DeWine also highlighted several other priorities for his first term, including several that will be part of the state budget proposal he'll roll out Friday.
DeWine proposed an 18-cents-a-gallon increase in the gasoline tax in the transportation budget. Ohio hasn’t raised the tax in 14 years. The state transportation director has said the current tax is insufficient for state and local governments to maintain current roads or finish major new construction projects.
The Ohio House has proposed a more modest increase to the gas tax of 10.7 cents, and Senate President Larry Obhof, R-Medina, said this week that the Senate’s proposal will be lower than the House-passed increase. The Senate is expected to introduce a substitute transportation budget Monday and to vote on it next week.

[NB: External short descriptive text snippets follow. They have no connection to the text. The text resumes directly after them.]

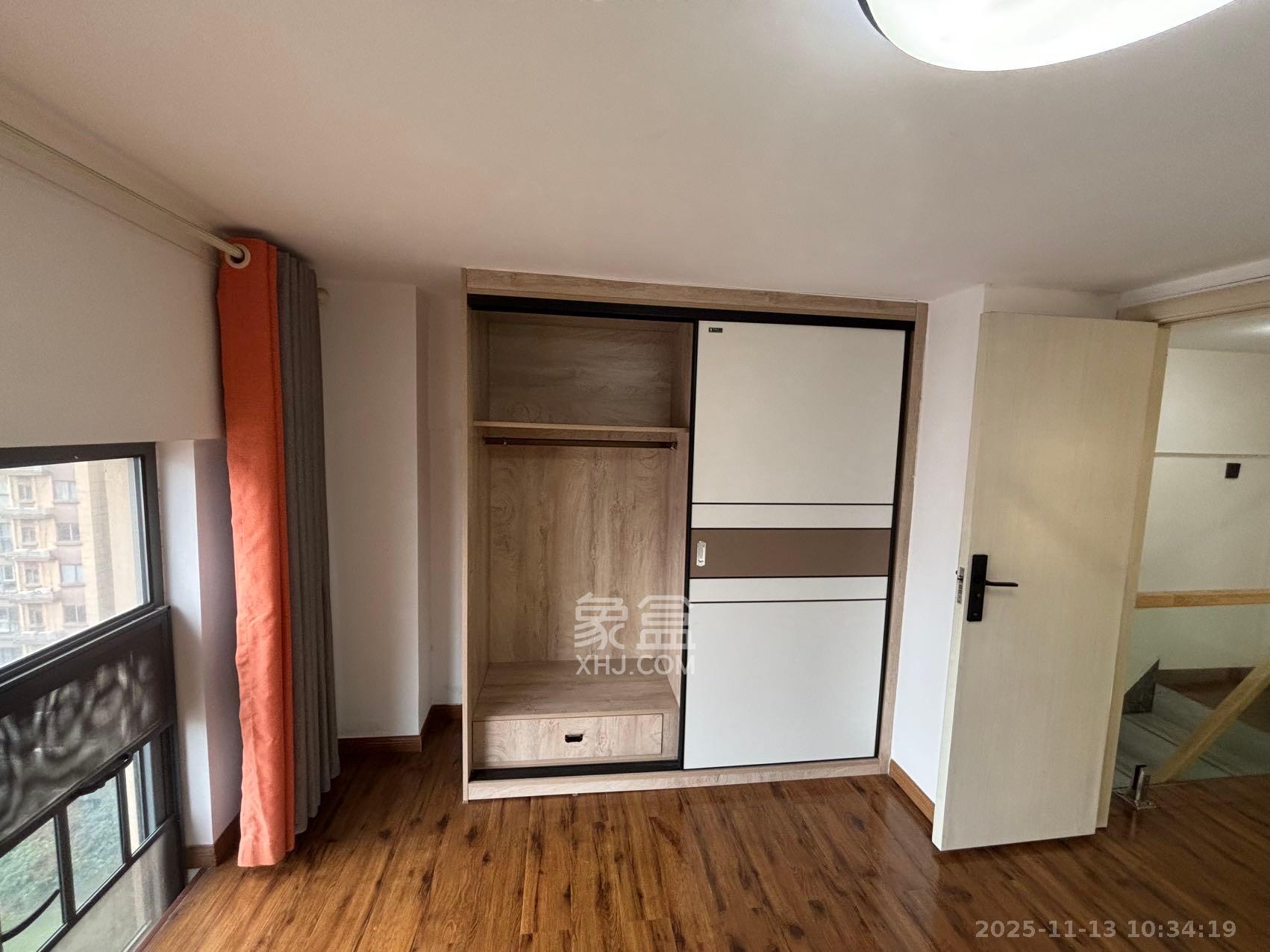 荣盛花语书苑 2室1厅1卫 2200.0元/月 荣盛花语书苑 2室1厅1卫 2200.0元/月室内图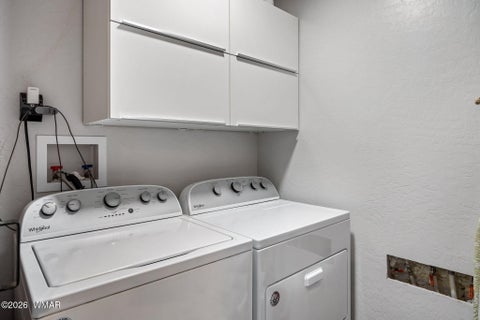 Tiny photo for 2970 Pine Rim Road, Overgaard, AZ 85933 (MLS # 262734)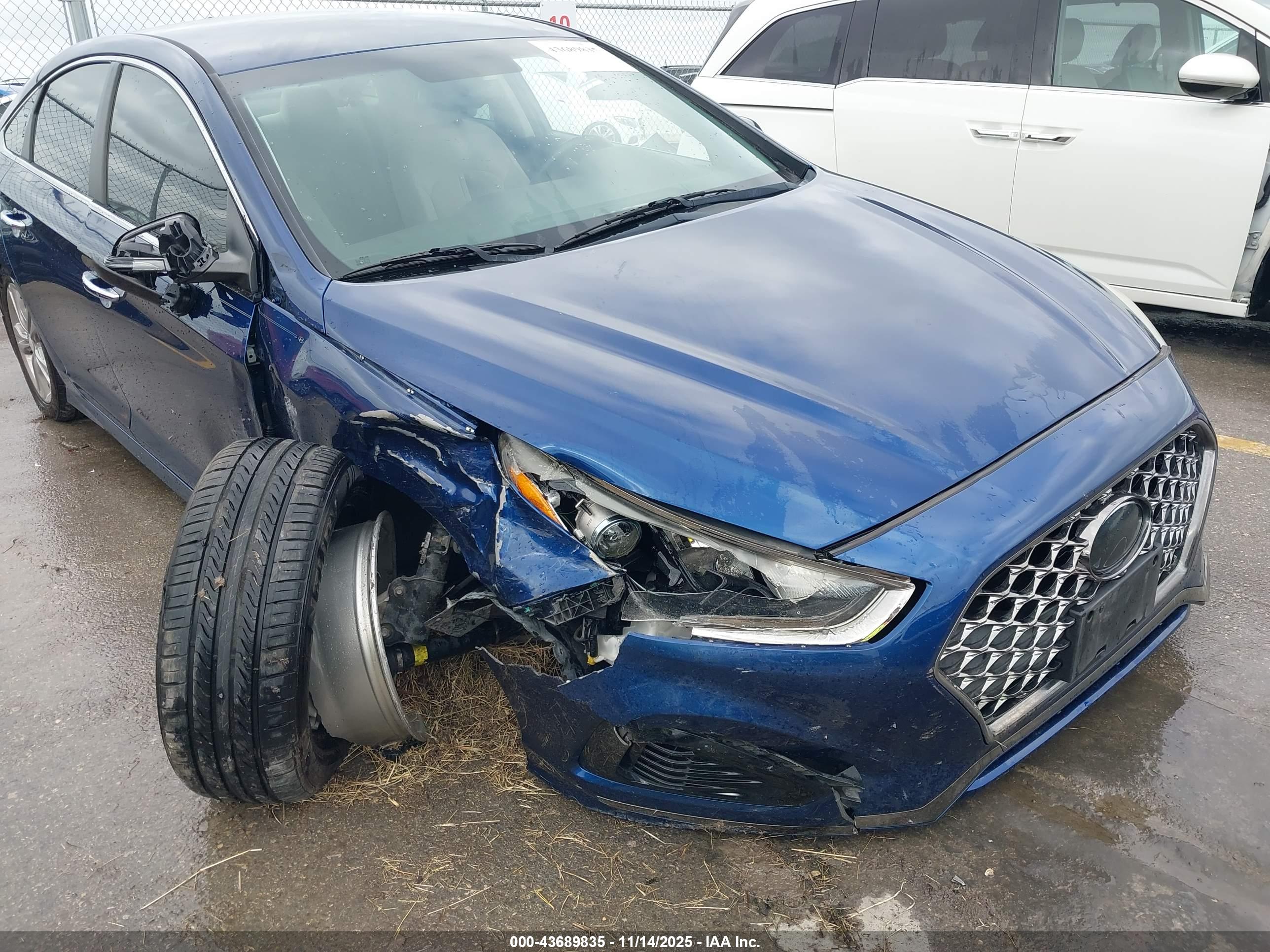 HYUNDAI SONATA image 6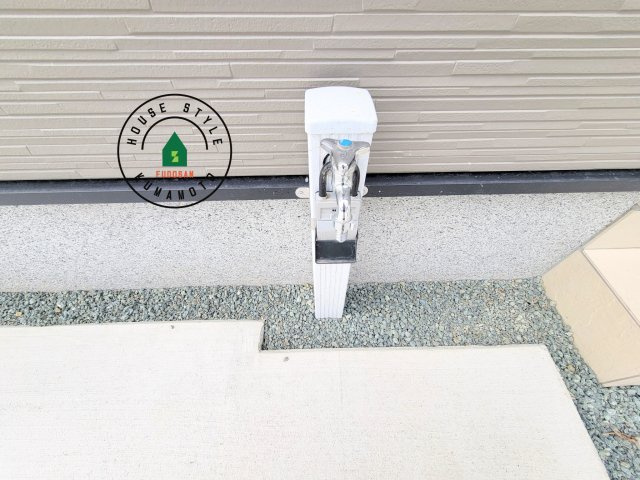 菊池市西寺第1-6棟（6号棟）のバルコニー|風をしっかりと感じられるバルコニーでは、毎日が洗濯日和です。広々としているので洗濯も楽しくなるでしょうし、気分転換にバルコニーからの眺めを楽しむのもいいでしょう。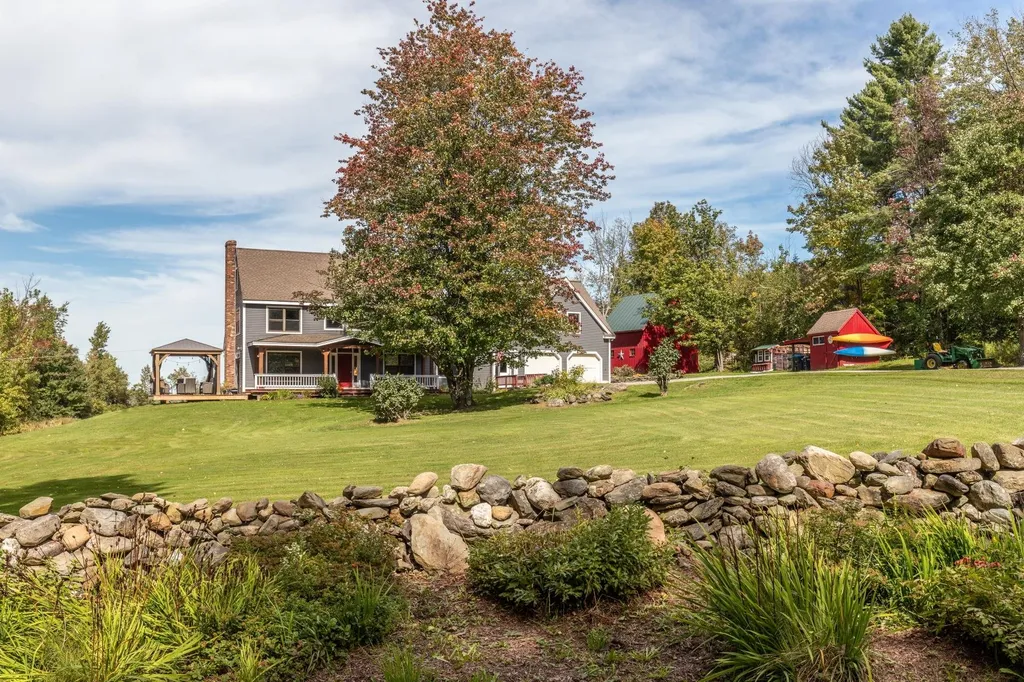 317 Old Farm Road Richmond VT 05477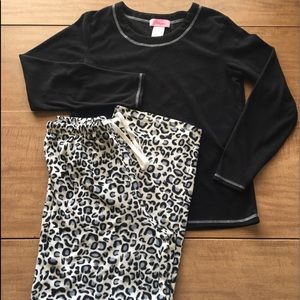 Ladie's pajama/lounge set - size medium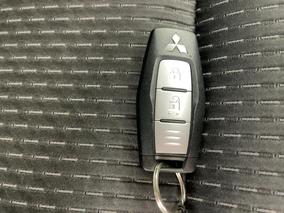 Photo '22' of Mitsubishi Outlander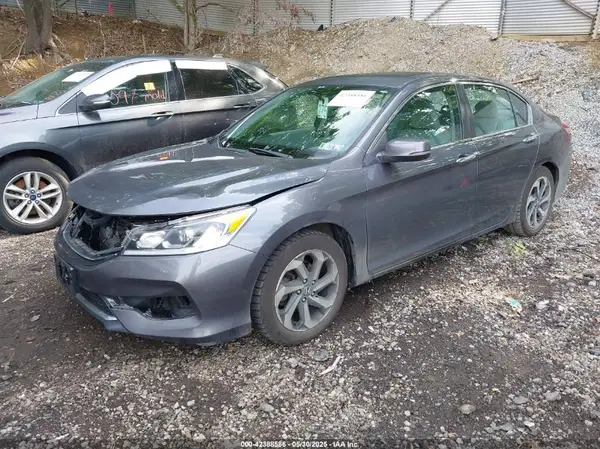 1HGCR2F77GA045915 2016 HONDA ACCORD - Image 2
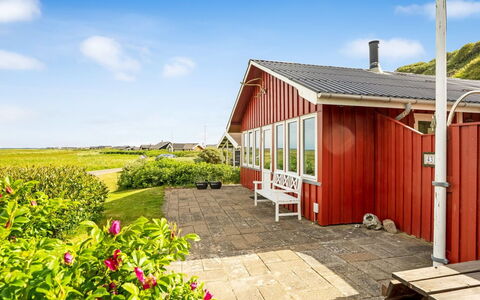 Blia - 120M to the Fjord: Biens, Ombre, Allée, Ferme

DeWine’s plan would raise $2.5 billion in additional revenue over the next two years, compared to about $1.1 billion in the House’s proposal.
DeWine called his proposal on Wednesday a “minimalist approach” to addressing the state’s infrastructure needs.
DeWine and Jack Marchbanks, the state transportation director, have warned that a more modest gas tax hike could stall major infrastructure projects. In the Akron area, one of the larger bridge projects to replace the Route 8 bridge that spans the Little Cuyahoga River Valley in Akron is currently funded but could be pushed out to a later date, depending on what happens, said Justin Chesnic, a spokesman for the Ohio Department of Transportation.
The $130 million project to replace the 1,500-foot-long bridge that links Akron with its northern suburbs is scheduled to start in late 2020 and continue through 2024.
DeWine, who was accompanied by several of his newly appointed cabinet members, also highlighted several other initiatives, including:
• Local government: DeWine said he is looking for ways to assist local government through targeted approaches, such as his gas-tax proposal, which has wide support among local government officials, including in the Akron area. He said this will give them more of a choice about what they want to do with their local funds.
“If they spend less general fund money on roads, they can spend it on hiring police,” he said. “This will be meaningful help that we are giving them.”
• Specialty courts: DeWine said his budget will include funding for 30 more specialty courts. Summit County Common Pleas Court has several specialty programs, including two drugs courts and a new mental health court.
“These things work,” DeWine said. “We know that they work.”
• Children’s services: DeWine wants to nearly double funding for county children’s services agencies.
Other topics DeWine discussed were the need to address lead poisoning among children living in older houses, the high mortality rate among African-American infants and Lake Erie's water quality. He'll announce more details about his Lake Erie proposal in a Thursday news conference.
Asked where the money would come from for his initiatives, DeWine said his non-transportation budget will have no new taxes and will be balanced. He said the budget will define what he sees as “unfinished business” and how he believes this should be addressed. He acknowledged, though, that state lawmakers may have different ideas.
“It will start the debate,” he said.